In brief: Richardson steps down, Johnny Reb goes down, and more

One down

Johnny Reb, the bronze Confederate soldier who has stood, musket in hand, outside the Albemarle County Courthouse since 1909, has been replaced by a patch of hay.

After the Unite the Right rally accelerated the national debate over Confederate monuments, Charlottesville finally took down one of our own. The Albemarle Board of Supervisors voted to remove Johnny Reb, officially known as “At Ready,” earlier this summer, and on Saturday morning a truck arrived to haul off the Lost Cause relic. A small crowd gathered to watch as the crew’s yellow ropes slowly lowered Johnny Reb off his pedestal.

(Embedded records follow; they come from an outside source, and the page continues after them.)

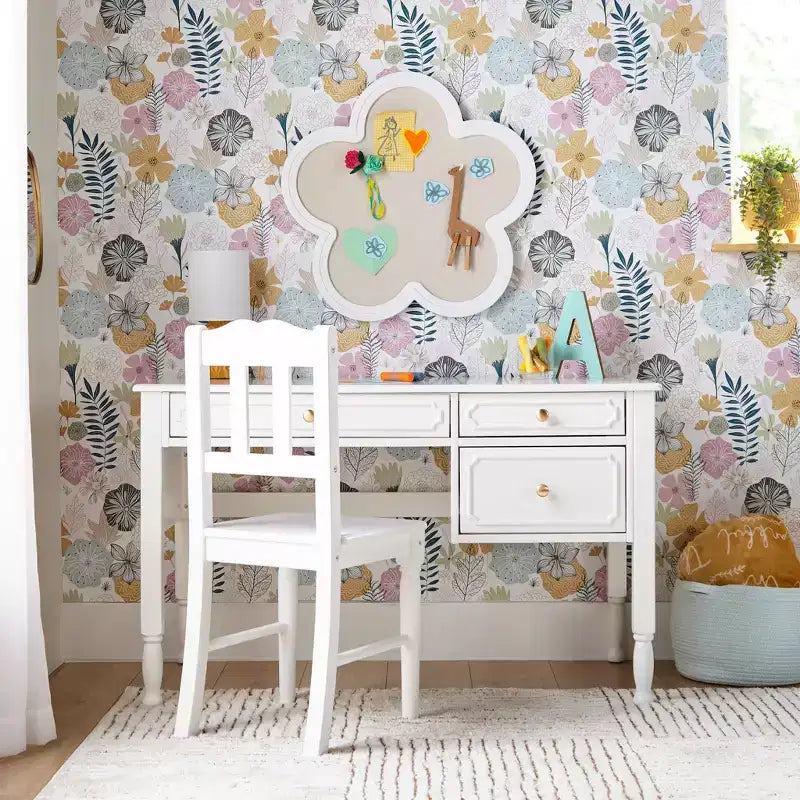 Bureau et chaise pour enfants Guidecraft Avery - Blanc : Bureau d'étude en bois pour filles avec tiroirs de rangement, poste de travail informatique pour enfants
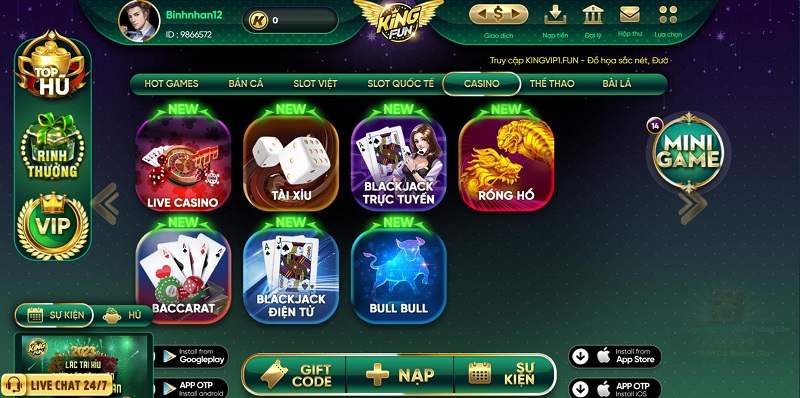 Game bài hay tại cổng game King fun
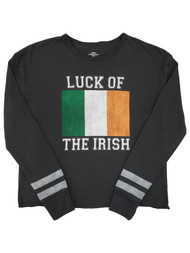 Junior Womens Luck Of The Irish St. Patrick's Day Flag T-Shirt Shirt Top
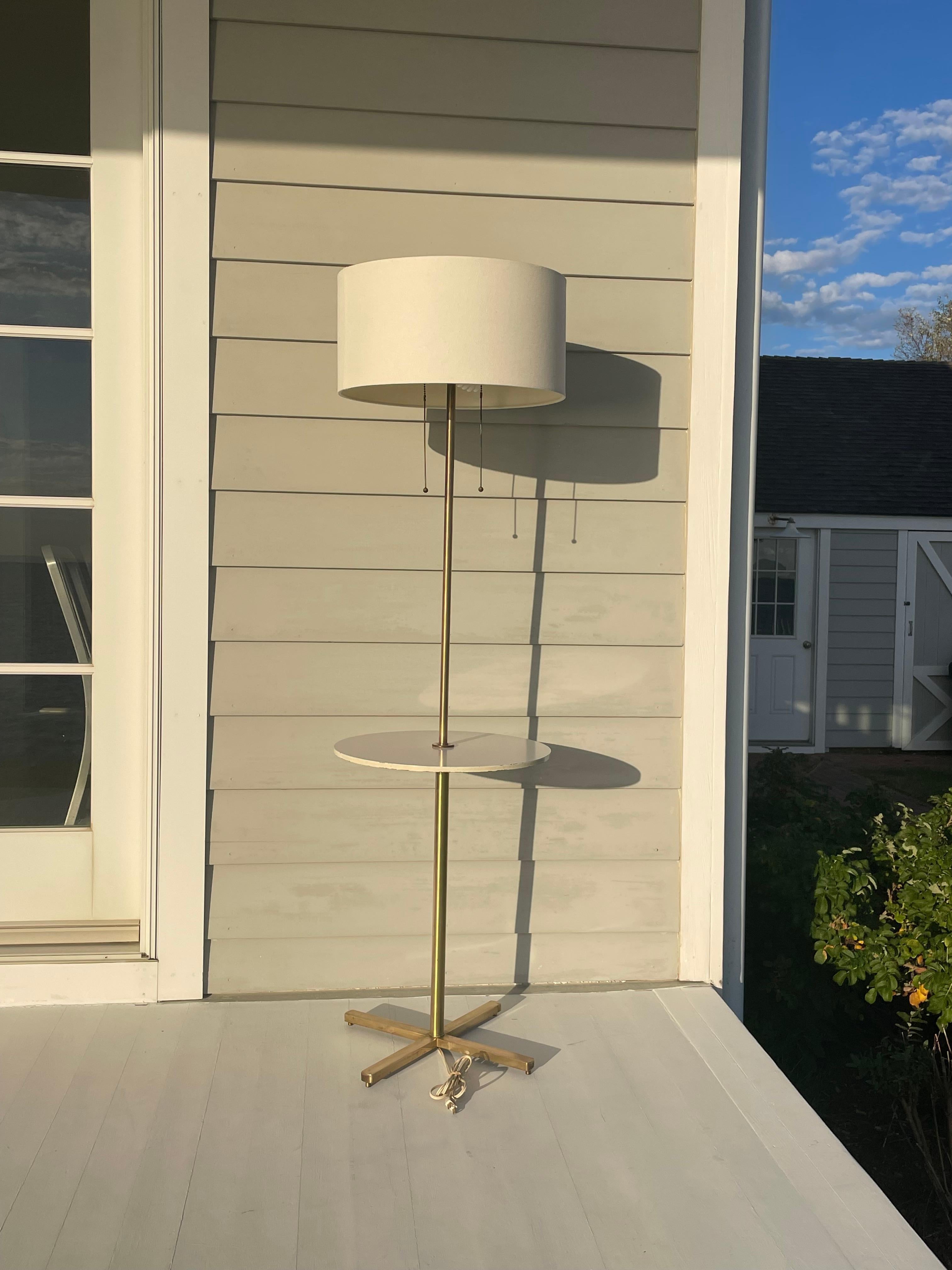 Mid Century Brass Floor Lamp with Built in Table, Diffuser and Shade For Sale 9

The removal revealed a time capsule encased in concrete below the statue’s concrete plinth. Charlottesville Tomorrow found an old Daily Progress clipping in which the monument’s erectors declared that the capsule shall remain untouched “until the angel Gabriel shall put one foot on the land and one in the sea, and proclaim that ‘time shall be no more.’” Those plans went awry sometime in the course of the last 111 years—the capsule was breached by groundwater long ago, and when the Confederate relics contained within finally saw the light of day, they were so waterlogged as to be almost unrecognizable.

The time capsule buried below the “At Ready” statue is in bad shape after more than 100 years underground. PC: Eze Amos

UVA religious studies professor Jalane Schmidt, who has spent years researching Johnny Reb and lobbying for his removal, says “it was a relief” to see the statue come down. “It’s gratifying to see public opinion shift, especially among elected leaders,” she says.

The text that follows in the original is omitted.